Tuffy: In May, Manchester United proved the best mudder billion dollar franchise, besting their Premier League compatriots, Chelsea, in a soaked Moscow stadium. Chelsea owner and Russian oligarch Roman Abromovich took the loss well, convincing his natural gas friends to cut the flow to Western Europe for a mere three days.
Suss: In June, a visibly injured Tiger Woods won the U.S. Open at Torrey Pines in dramatic fashion, in an 18-hole playoff round against athletic everyman Rocco Mediate. After the tournament it was revealed that during Woods' rehab leading up to the tournament, he had a double stress fracture in his leg, and took the rest or the year off to have his leg surgically replaced with that of Kentucky Derby contestant Eight Belles.
Tuffy: In July, the Major League Baseball All-Star game began. For the sake of all involved, we here at the Treehouse Fort pray it ends soon.
Suss: In August, Michael Phelps became the first Olympian to win eight gold medals at the 2008 Summer Olympics in Beijing, also becoming the first Olympic trophy case that was visible from space.
Tuffy: In September, the United States beat Europe in the Ryder Cup. Europe took the loss well, only cutting off the flow of television series available for piss-poor remakes for three months.

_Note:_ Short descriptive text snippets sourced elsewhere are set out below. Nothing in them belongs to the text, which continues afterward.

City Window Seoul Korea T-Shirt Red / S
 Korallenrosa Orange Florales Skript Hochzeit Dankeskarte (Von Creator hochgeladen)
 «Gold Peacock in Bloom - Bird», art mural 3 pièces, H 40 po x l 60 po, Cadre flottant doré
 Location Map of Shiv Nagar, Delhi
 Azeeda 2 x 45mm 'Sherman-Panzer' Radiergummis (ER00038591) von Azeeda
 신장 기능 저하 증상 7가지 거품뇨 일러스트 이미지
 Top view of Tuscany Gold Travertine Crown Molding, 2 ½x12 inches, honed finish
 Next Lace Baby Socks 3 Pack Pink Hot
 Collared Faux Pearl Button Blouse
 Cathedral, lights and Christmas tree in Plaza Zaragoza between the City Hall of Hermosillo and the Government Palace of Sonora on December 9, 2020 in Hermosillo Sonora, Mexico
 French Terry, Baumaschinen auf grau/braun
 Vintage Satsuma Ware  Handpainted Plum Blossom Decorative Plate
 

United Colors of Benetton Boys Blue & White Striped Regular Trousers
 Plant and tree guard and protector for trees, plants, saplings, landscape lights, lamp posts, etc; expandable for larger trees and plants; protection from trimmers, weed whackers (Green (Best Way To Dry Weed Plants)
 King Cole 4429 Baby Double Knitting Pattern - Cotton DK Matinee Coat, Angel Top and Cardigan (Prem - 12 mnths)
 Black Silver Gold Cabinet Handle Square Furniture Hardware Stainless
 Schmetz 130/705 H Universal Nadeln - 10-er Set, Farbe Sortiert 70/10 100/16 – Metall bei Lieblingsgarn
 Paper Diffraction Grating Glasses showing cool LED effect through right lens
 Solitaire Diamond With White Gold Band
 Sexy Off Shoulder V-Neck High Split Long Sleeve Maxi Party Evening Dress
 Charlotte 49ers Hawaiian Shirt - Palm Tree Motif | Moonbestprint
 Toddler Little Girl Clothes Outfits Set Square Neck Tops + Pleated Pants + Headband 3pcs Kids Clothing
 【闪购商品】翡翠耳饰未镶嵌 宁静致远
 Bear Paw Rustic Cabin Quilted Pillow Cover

Suss: In October, the World Series came to a dramatic finish when the Phillies and Rays played to a ... hold on, my ceiling is leaking. Um ... hold on. I ... will ... tell you who won later.
Tuffy: In November, Jimmie Johnson took home his third straight Sprint Cup championship. Dale Earnhardt, Jr. settled for being the richest SOB on four wheels for the third straight season.
Suss: In December, thousands upon thousands of New Yorkers gathered in Times Square, forgetting all the troubles and turmoil of the previous year, and looked ahead to 2009 as all races, religions and classes joined in unison and counted down from 10 as they watched the iconic Charles Barkley career drop.








Article comments
1 - Tony
Poor Charles. He does kind of resemble the Time Square Ball these days. I think he's too popular to get fired though, and too well liked by the press for it to be blown up too far.